We can now construct a summary DataFrame containing our true test data labels, as well as the labels our model predicted:
_, predictionlabel = torch.max(preds.data, 1)
predictionlabel = predictionlabel.tolist()
predictionlabel = pd.Series(predictionlabel)
test_labels = pd.Series(test_labels)
pred_table = pd.concat([predictionlabel, test_labels], axis=1)
pred_table.columns =['Predicted Value', 'True Value']
display(pred_table.head())
This results in the following output:
Note how the torch.max() function automatically selects the prediction with the highest value. We can see here that, based on a small selection of our data, our model appears to be making some good predictions!
Evaluating our model
Now that we have some predictions from our model, we can use these predictions to evaluate how good our model is. One rudimentary way of evaluating model performance is accuracy, as discussed in the previous chapter. Here, we simply calculate our correct predictions (where the predicted image label is equal to the actual image label) as a percentage of the total number of predictions our model made:
preds = len(predictionlabel)
correct = len([1 for x,y in zip(predictionlabel, test_labels) if x==y])
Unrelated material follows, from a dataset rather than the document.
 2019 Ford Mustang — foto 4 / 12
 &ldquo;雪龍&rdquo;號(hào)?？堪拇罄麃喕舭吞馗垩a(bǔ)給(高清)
print((correct/preds)*100)
This results in the following output:
Congratulations! Your first neural network was able to correctly identify almost 90% of unseen digit images. As we progress, we will see that there are more sophisticated models that may lead to improved performance. However, for now, we have demonstrated that creating a simple deep neural network is very simple using PyTorch. This can be coded up in just a few lines and leads to performance above and beyond what is possible with basic machine learning models such as regression.